Vizinho de Gisele, meu amigo David Coimbra, titular deste espaço, aliás, me diria na noite daquele mesmo dia do consultório com a porta fechada (depois de eu lhe contar que vou precisar retornar às consultas com o psiquiatra) que é necessário dar menos importância às intempéries da vida. Da maioria das coisas com as quais perdemos o sono, sustenta o David, não nos lembraremos com o passar dos anos.
- Keep it light. Keep it light, Kellenzinha - repetia ele, entre conselhos, taças de vinho e histórias impublicáveis de coberturas de Copa do Mundo.
Não me cabe aqui duvidar da sabedoria de David Coimbra - em que pese discordarmos sobre quem foi o maior zagueiro de todos os tempos -, mas decidi pesquisar mais sobre essa tese da leveza. Naquele arrazoado, David me contou que havia ensinado esse tal "keep it light" para o Bernardo, filho dele, e tinha algo a ver com Usain Bolt. No dia seguinte, lá fui eu googlear mais essa.
O conselho, descobri, tem origem em um comercial produzido pela Gatorade para o astro jamaicano Usain Bolt. O Bolt, atleta multicampeão olímpico e chamado por alguns de "o homem mais rápido do planeta", vejam só, também era inseguro. "Era inseguro" talvez seja um exagero de minha parte. Mas, vá lá, também tinha suas inseguranças. Foi a mãe do Bolt que interveio no episódio narrado nesse filmezinho. O menino estava cheio de sombras e preocupações. Pediu para a mãe para não competir. As nuvens escuras vinham das arquibancadas, da pressão, das expectativas sobre ele.
Dona Bolt, então, sentou-se com o filho.
- Qual o problema, Usain?
E o menino começou a contar sobre a angústia de viver sem ter a certeza de uma vitória, a cada competição. Dona Bolt quis saber desde quando o filho havia se tornado tão sério. O menino que eu conheço, disse ela, não tem preocupações.
Foi ali que mamãe-Bolt apresentou um raciocínio singelo e eficaz. Especialmente, vejamos, em se tratando de um personagem velocista. Quanto mais leve Bolt estivesse, dizia ela, mais rápido conseguiria se movimentar. Por isso, pediu que ele se concentrasse menos em preocupações, assim ficaria mais leve e conseguiria ir mais longe. Física e amor de mãe. Deu certo.
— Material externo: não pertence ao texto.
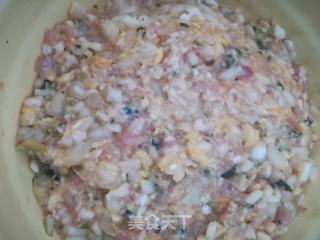 大肉白菜鸡腿菇饺子的做法步骤：4
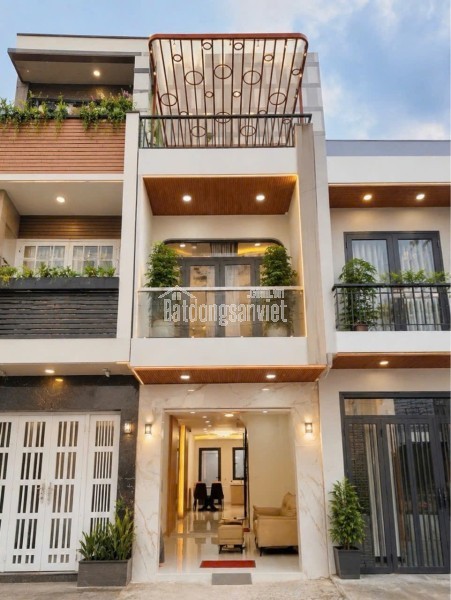 NHÀ ĐẸP CẦN BÁN 371 NGUYỄN DUY DƯƠNG QUẬN 10 ,TPHCM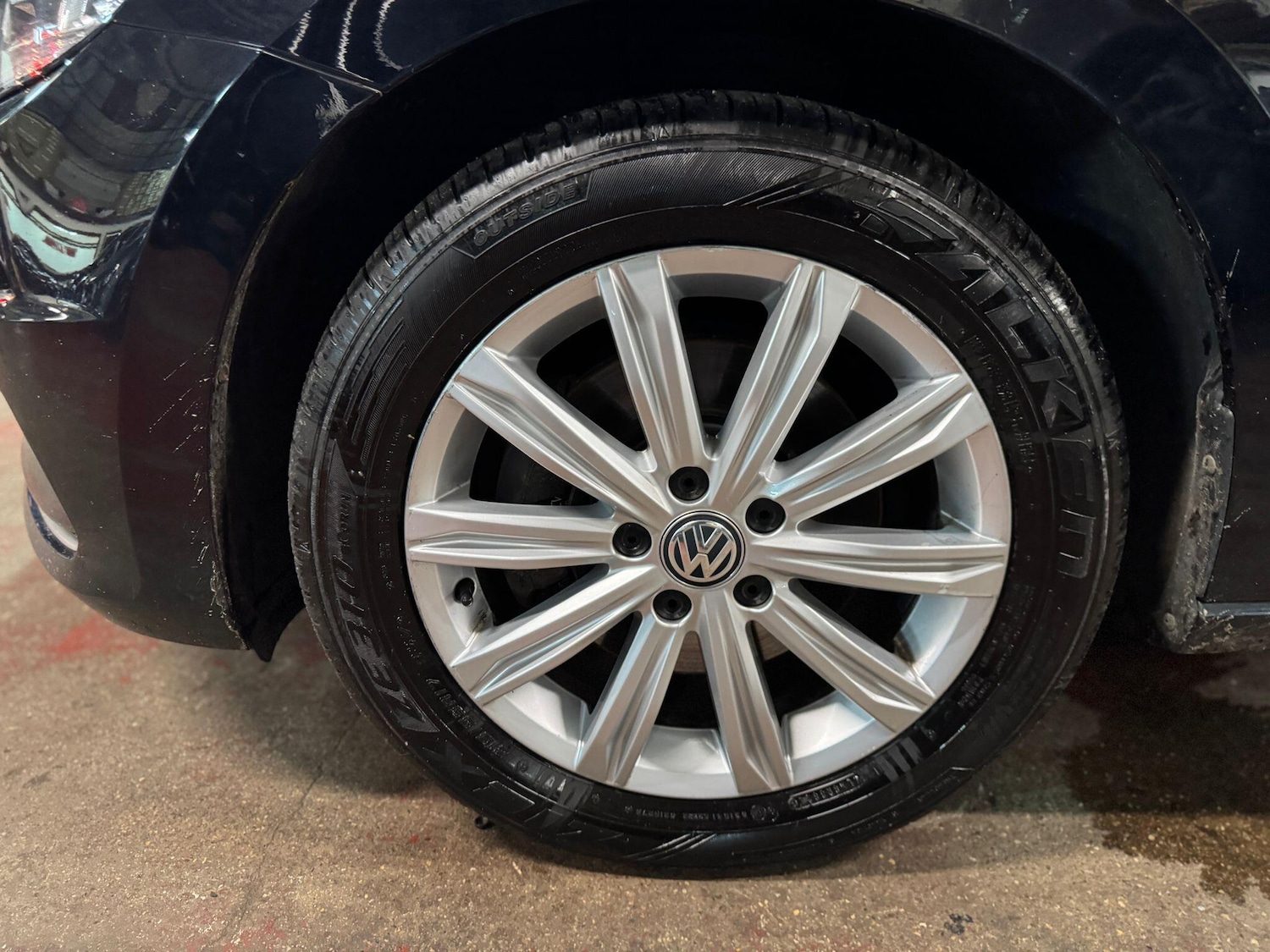 Used Volkswagen Touran 2016 for sale - 76399325: Photo 11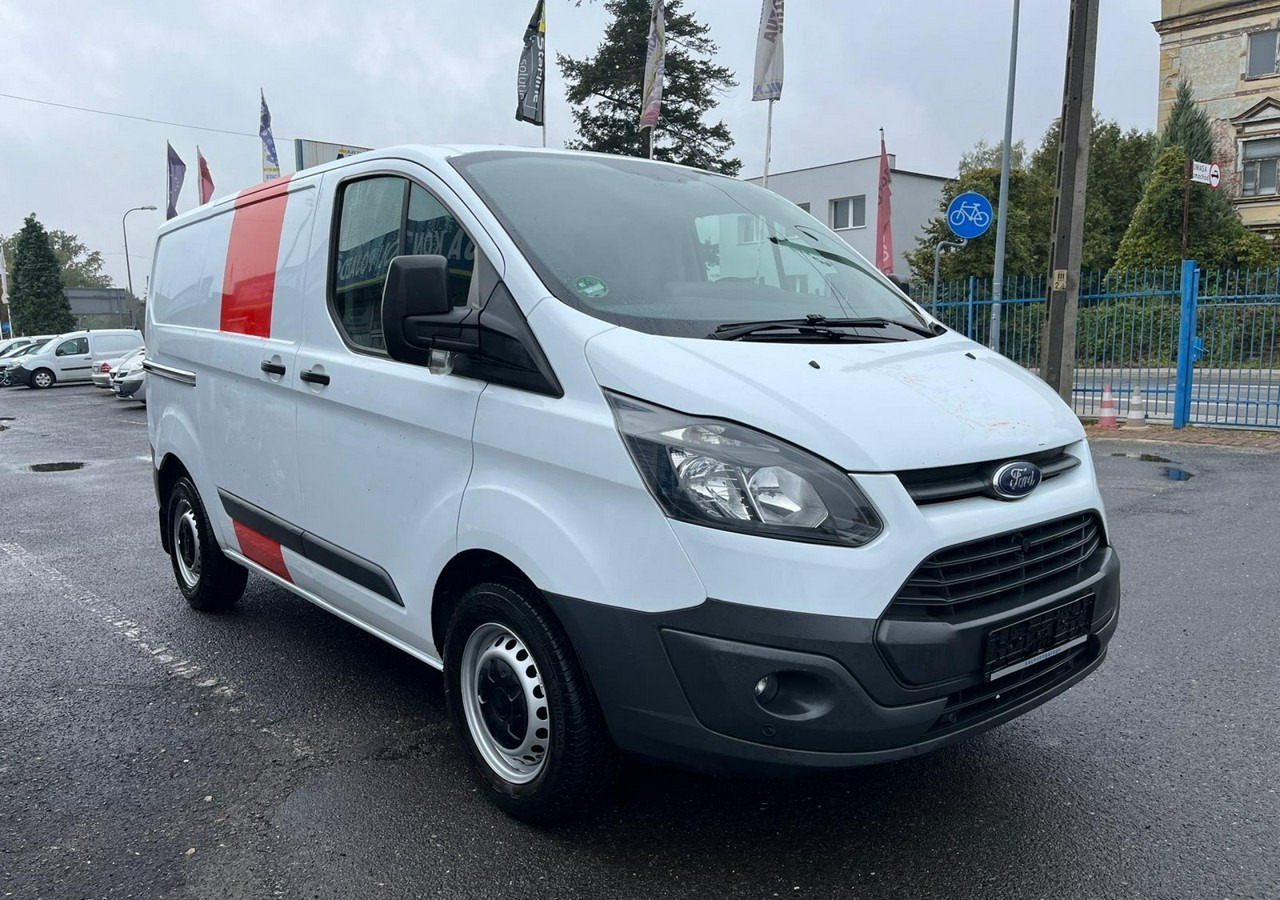 Furgon Ford Transit Transit Custom Ford Transit Custom Model 2015: 1 kép.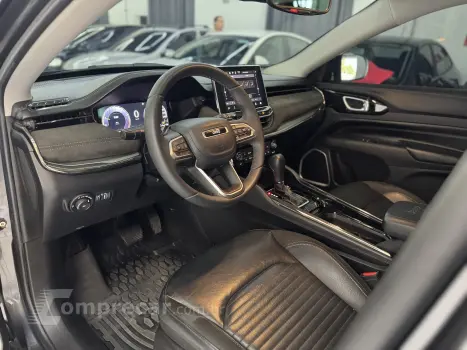 COMMANDER 1.3 T270 Turbo Limited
O menino venceu dezenas de provas disputadas, quebrou recordes mundiais e pendurou nove ouros olímpicos no pescoço (um deles precisou devolver, é verdade, há dois anos, por conta do dopping de um companheiro de equipe). Não se abalou. Continuou sorrindo.
- Você sempre conseguirá ir mais rápido se estiver mais leve. Keep it light - lembrou mamãe-Bolt.
Amor de mãe, física pura ou conselhos de David. O que importa é que a gente mesmo encontre nossa forma de cruzar a linha de chegada (ok, às vezes, sabemos, terá de ser com Rivotril, mas cuidado com o dopping). Sejam passadas rápidas como as do Bolt ou suavemente delineadas como as de Gisele, ao som de Garota de Ipanema. E que sejam leves.